Aquarium Project Repeats Familiar Mistakes
Local media in St. Louis is abuzz over the imminent completion of the Union Station renovation project. The St. Louis Wheel will open later in October, with the St. Louis Aquarium following suit in December. This is all part of a $187 million renovation project for Union Station headed by Lodging Hospitality Management (LHM), a firm that purchased Union Station in 2012. The chairman of LHM said of the mid-December aquarium launch date: “It’s our Christmas gift to St. Louis.”
Typically, a gift doesn’t require a contribution from the person on the receiving end. But St. Louis taxpayers are ponying up for nearly half the cost of the aquarium, as described in a St. Louis Post Dispatch article:
[Twenty] million of the St. Louis Aquarium’s construction costs will come from an existing tax-increment financing agreement and two special tax districts that carry a 1 percent tax on sales at Union Station. Included is LHM’s intent to use $5 million in historic preservation tax credits to help restore the 11-acre shed.
Show-Me Institute analysts have spent years documenting the failures and abuses of tax-increment financing (TIF), special taxing districts, and historic preservation tax credits. These programs take public dollars and shift investment risk to taxpayers, while allowing private investors to reap the benefits.
If the aquarium is a good idea, why aren’t there private investors lining up to fund the project?
Maybe it’s because aquariums are a pretty risky bet financially. A recent article in The Atlantic outlined the financial struggles of aquariums in big cities across the United States:
The stress of acquisition and maintenance often leads to financial struggle . . . In this century, the Denver aquarium, which opened to much fanfare in 1999, declared bankruptcy in 2002 because of defaults on building loans. (It was purchased by Landry’s, a hospitality company, and reopened in 2003.) More recently, the newly opened Shreveport Aquarium has struggled with almost $500,000 in unpaid construction debt. Many of these spaces are subsidized by tax breaks and bonds, to be paid back when an aquarium becomes profitable. But too often, this goal is not realized. As economic-development projects, aquariums are risky.
The South County Times reports that the St. Louis Aquarium expects 1.5 to 2 million visitors per year. That seems like a curiously optimistic projection. The Shedd Aquarium in Chicago gets just over 2 million visitors per year, and it has 5 million gallons in total volume for tanks and exhibits; the St. Louis Aquarium will have just 1.3 million total gallons.
It’s not clear why planners project the St. Louis Aquarium to nearly the match the Shedd Aquarium in total attendance with a much smaller aquarium in a much smaller city. But if visitor numbers don’t match expectations and revenue lags as a result, (the aquarium is not free; a ticket price of around $24 is expected for adults) will taxpayers be asked to chip in again to cover the shortfall?
If all of this sounds familiar, it should.
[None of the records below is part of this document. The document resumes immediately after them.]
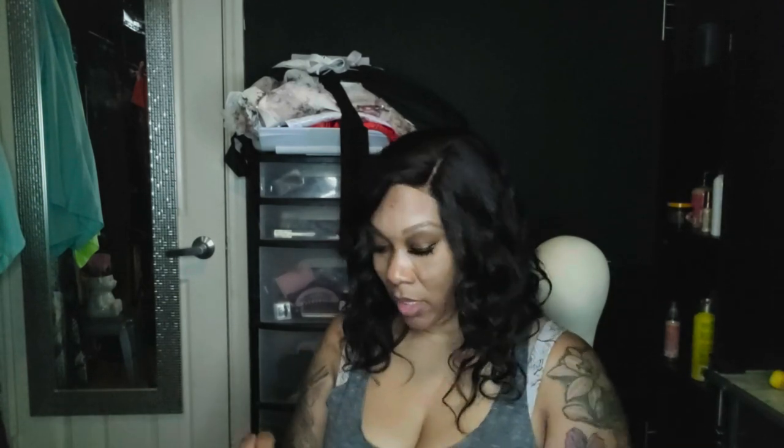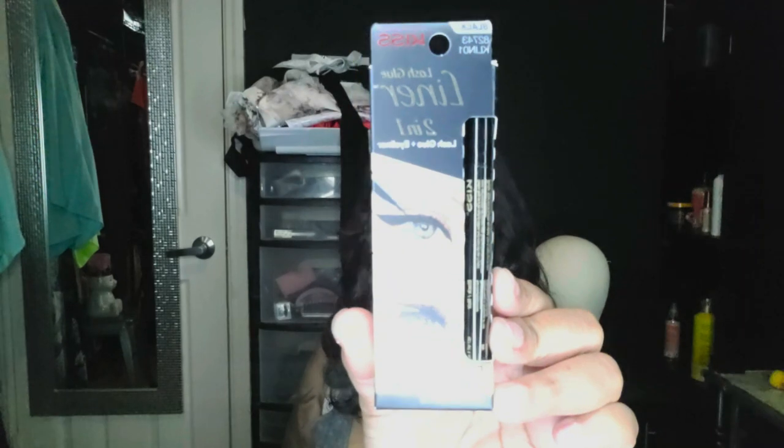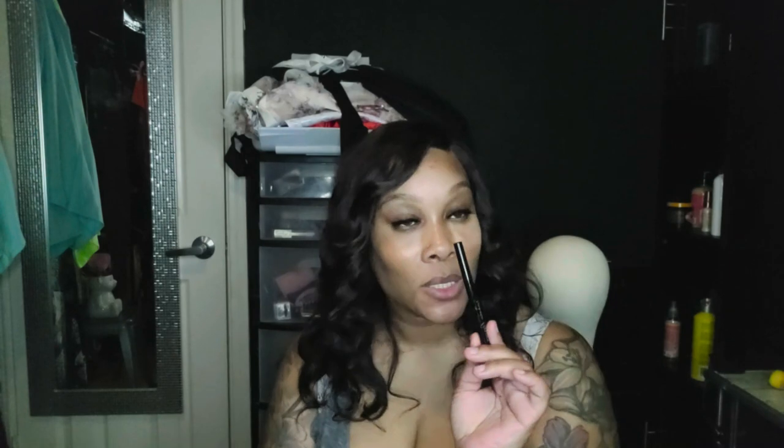This is my two-in-one lash glue and liner from Kiss. I love this and swear by it — I'm actually wearing it right now. It works great as an eyeliner, but it also functions as eyelash glue. I have it in clear and in black. When I want something more dramatic I use the black; when I don't want a dramatic eye I use the clear. It's really, really good.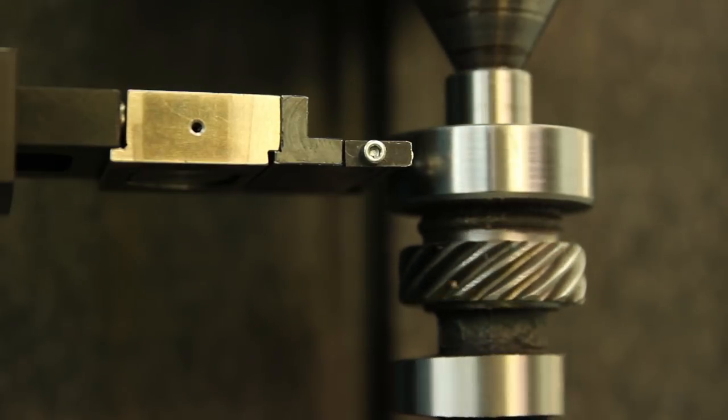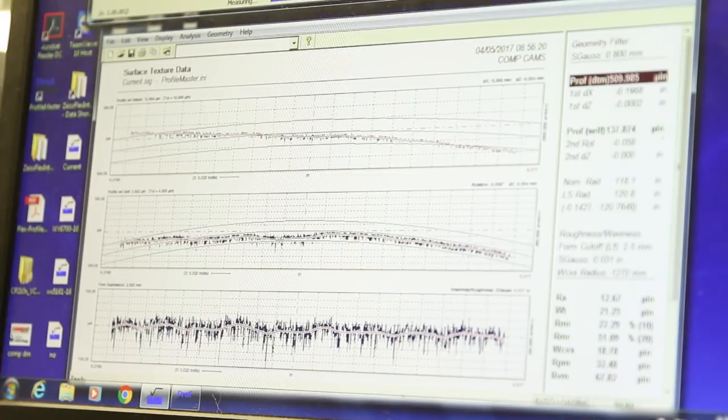ADCOL testing, which measures the camshaft lobes, actually showed a reduction in wear using this heat cycling method.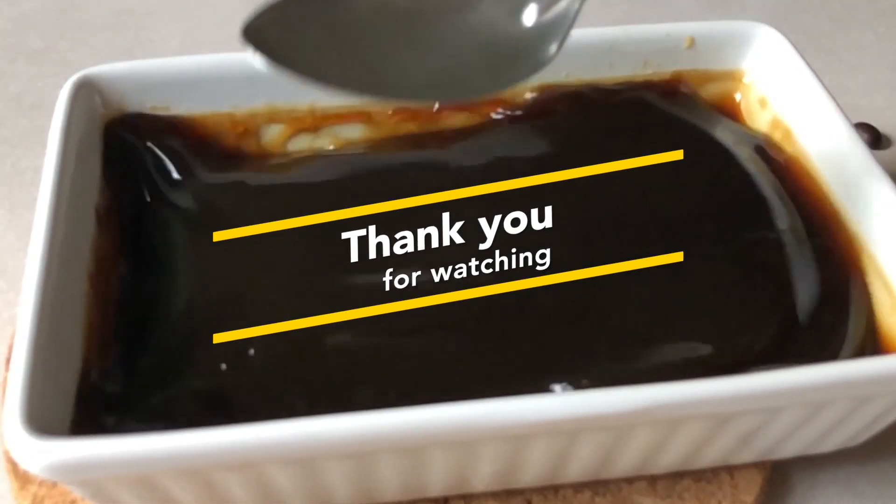Take lots of pictures, send them to me, and tag me — I'll put them up on my social media handles. I'll see you tomorrow with another recipe. Bye-bye!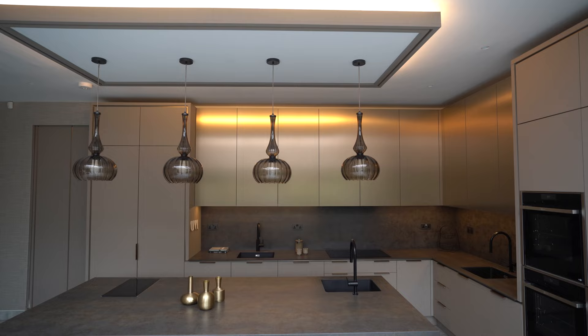Hi guys and welcome to our latest kitchen project. We are here in North London. I'm really excited to get into this one with you. Before we do, as always, don't forget to like the video, subscribe to the channel, and let us know in the comments if there's anything in future that you want to see specifically.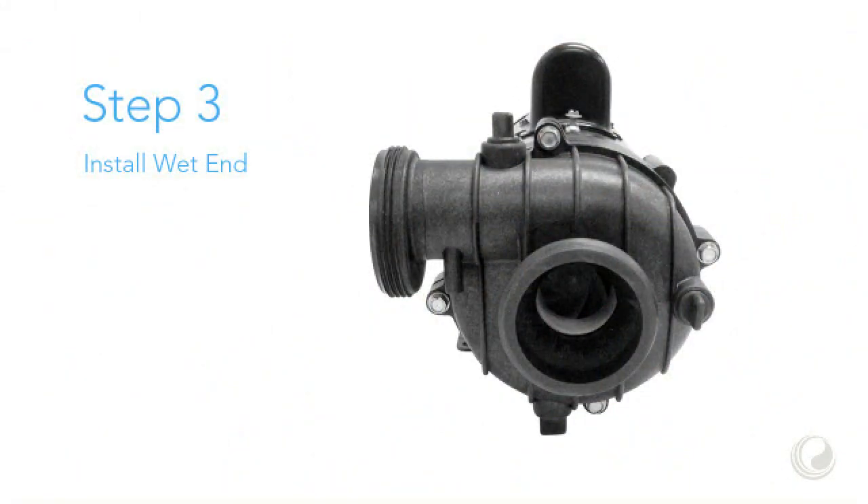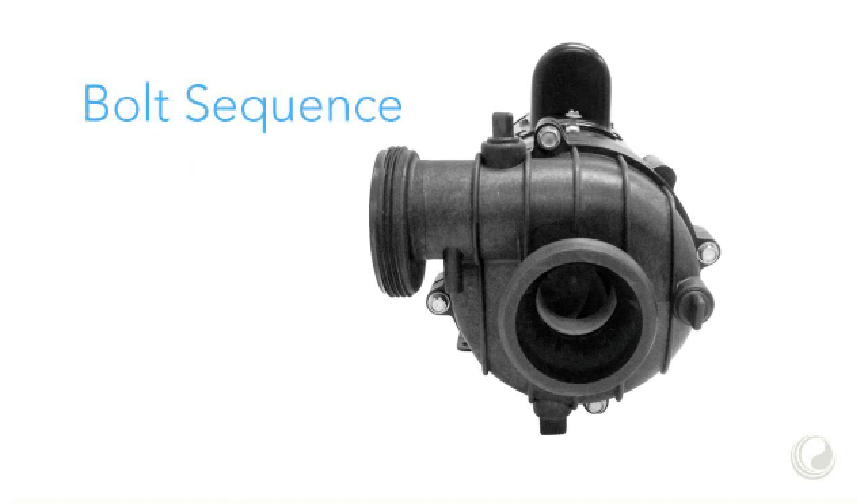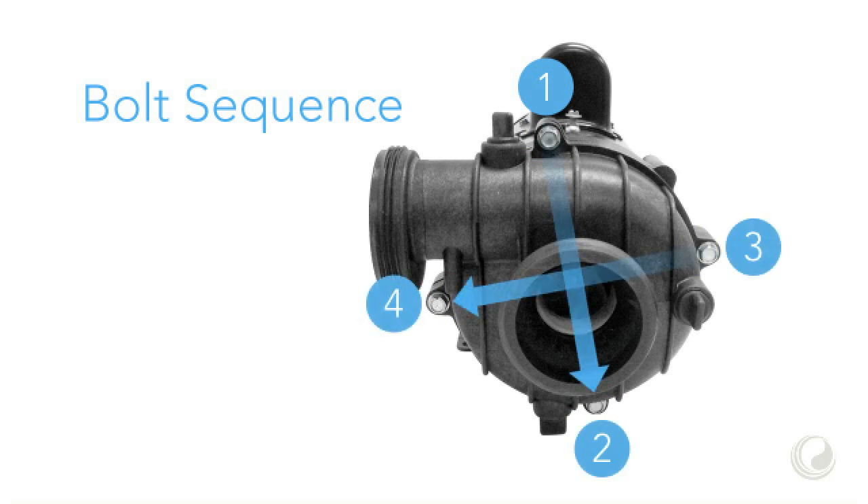Step 3: Reinstall the wet end. To ensure the wet end mounts properly, tighten these 4 bolts in the following sequence. It doesn't matter which bolt you tighten first. The key is to follow the same pattern relative to the first bolt as shown here.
In 1985, Union Station was renovated in a massive $150 million project that included generous tax breaks. And what was the city left with? A mall in Union Station that was largely abandoned after barely more than 20 years. And thus the cycle begins anew: The mall was sold, was bought by a new developer, and is being renovated with the help of taxpayer dollars.
We all want what’s best for St. Louis, and it’s exciting to see big new projects generate enthusiasm. But the definition of insanity is doing the same thing over and over again and expecting different results. That seems to perfectly describe economic development policy in St. Louis.